Introduction
Authors: Lu Jiang, Junwei Liang, Liangliang Cao, Yannis Kalantidis, Sachin Farfade, Alexander Hauptmann
- Introduces a new task and dataset called MemexQA: Based on a collection of videos or photos, answer some questions. Difference from VQA: A question may require reasoning over multiple images instead of one.
- Questions and their answers may require building a database from timestamps, annotations, metadata and other information from images and videos for easy information retrieval.
- Proposes MemexNet, supposedly a unified network architecture for image, text and video QA.
- Paper Link
Dataset
- Numbers: 13,591 personal photos from 630 albums and 101 Flickr users and 20,860 crowdsourced questions with 417,200 multiple choice answers.
- Available at https://memexqa.cs.cmu.edu/
- Answer space supposedly is in between closed set of current VQA tasks and open-ended QA.
- Data includes a timestamp, GPS (if any), a photo title, photo tags, album information as well as photo captions from the SIND data. Used Amazon Mechanical Turk to collect questions.
Claims
- MemexQA is tougher than VQA.
- Questions are not easily answerable even by humans.
- Normal users took 10x more time to solve a MemexQA task than a VQA task.
- MemexNet can be trained with great efficacy and scalability on other QA tasks also.
MemexNet
Architecture of MemexNet
- Inspired by WatsonQA system. Designed for MemexQA dataset but can also be applied to text or video QA.
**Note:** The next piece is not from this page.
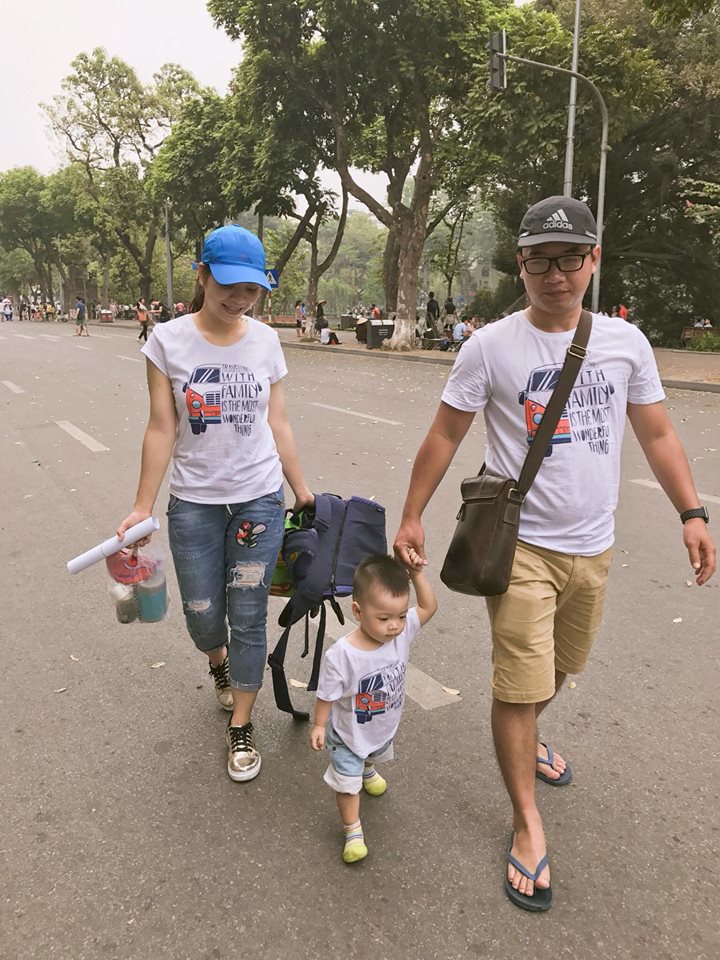 <p> Tranh thủ ngày nghỉ, chị Ngô Ngọc Minh Châu, FPT Trading Hà Nội, cùng gia đình dạo chơi bờ Hồ Hoàn Kiếm.</p>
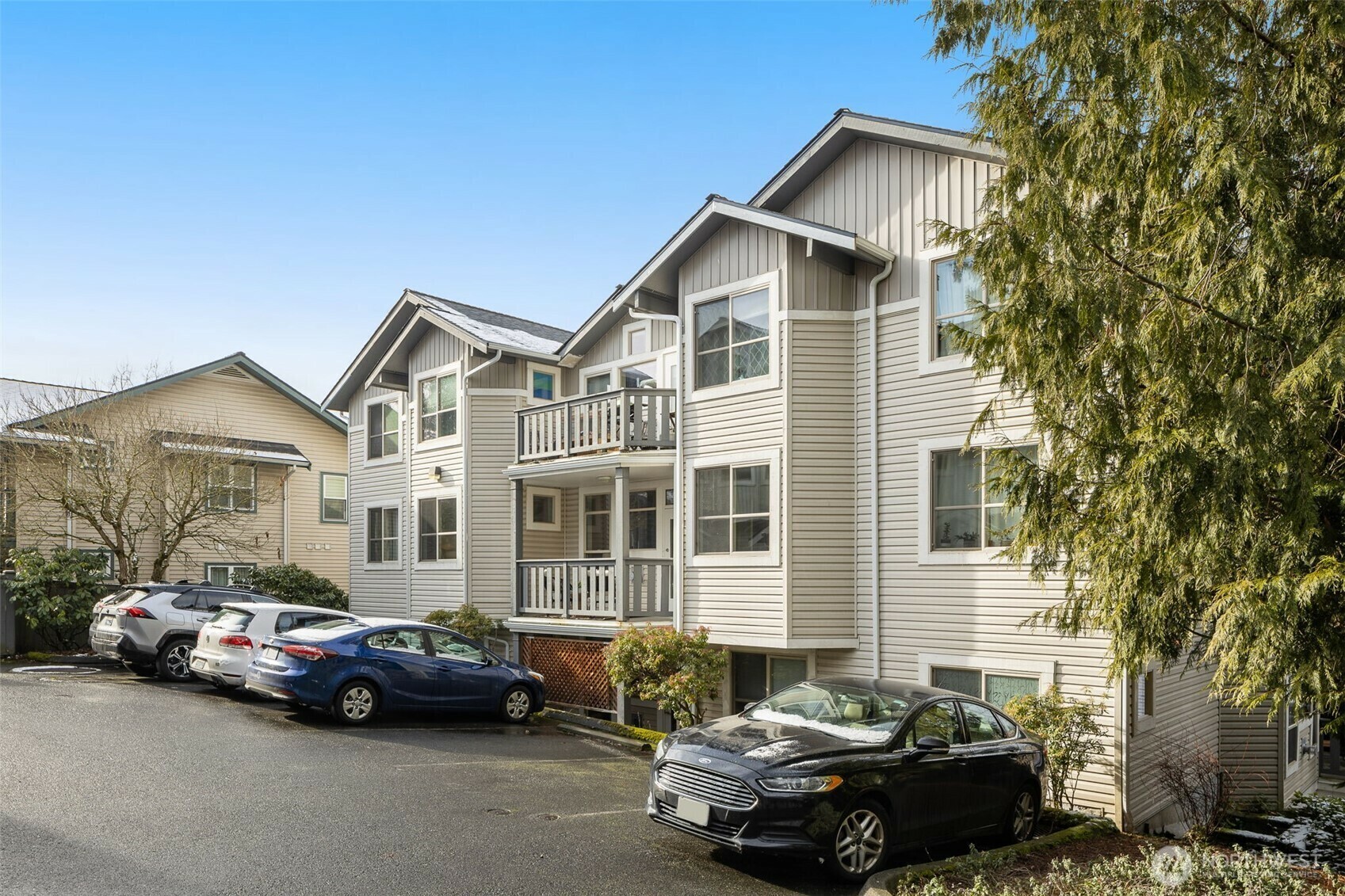 Property Photo: 11550 Stone Avenue N 305 WA 98133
- Three major modules: Question Understanding, Search Engine and Answer Inference
- Question Understanding:
- Contains two subnetworks: Question encoder and Query Encoder
- Question encoder embeds a question into latent state vector which expresses the question content and its estimated category. This is passed to answer inference module.
- Query encoder produces a query embedding which goes an input to search engine. Usually, a sparse vector over a set of relevant concepts in the concept vocabulary (pretrained).
- Uses LSTM as question encoder and SkipGram and Visual Query Embedding networks as query encoder.
- Search Engine:
- Returns a list of samples ranked by embedded query vector.
- Uses off the shelf state of the art visual search engine and learn attention weights over the retrieved samples
- Answer inference:
- Can be changed for different tasks
- For MemexQA, the modality information and match class embeddings are concatenated in a way, that samples at different rank positions should have different importance. This concatenated embedding vector is passed to an LSTM network output of which are attended.
- This learned embedding vector for top k samples along with question embedding and image CNN features are passed on to a classifier to get the best answer among the multiple choice options present. Look MemexNet section’s Answer Inference subsection for more information.
Experiments
MemexQA
- Compared MemexNet with various state of art and classical model of VQA with some changes to add other features and found out the MemexNet outperforms all of them on MemexQA.
- Significant gap in between human and model accuracies. (0.487 to 0.927)
- Significant drops in “when” and “where” type questions from “how many”, so there is need of MemexLookupNet.
TextQA
- Tested on SQuAD, considers paragraph as album, sentences as images with last 3 layers in BiDAF model as answer inference networks.
- Reported F1 scores for other models seem different from the ones on SQuAD leaderboard.
- Achieves 0.767 F1 score.
VideoQA
- Trained on YFCC100M dataset.
- Doesn’t use user generated metadata to access VideoQA performance based on only video content understanding.
- Achieves 0.52 accuracy.
- Claims that only 1.3 seconds taken to answer a question from over 800k videos on single core Xeon 2.53 GHz CPU with 32GB memory.
Notes
- Claims to be a cross domain QA general model.
- Doesn’t evaluate on VQA directly.
- It might be better to release dataset in separate paper and MemexNet in separate paper with comparisons on VQA.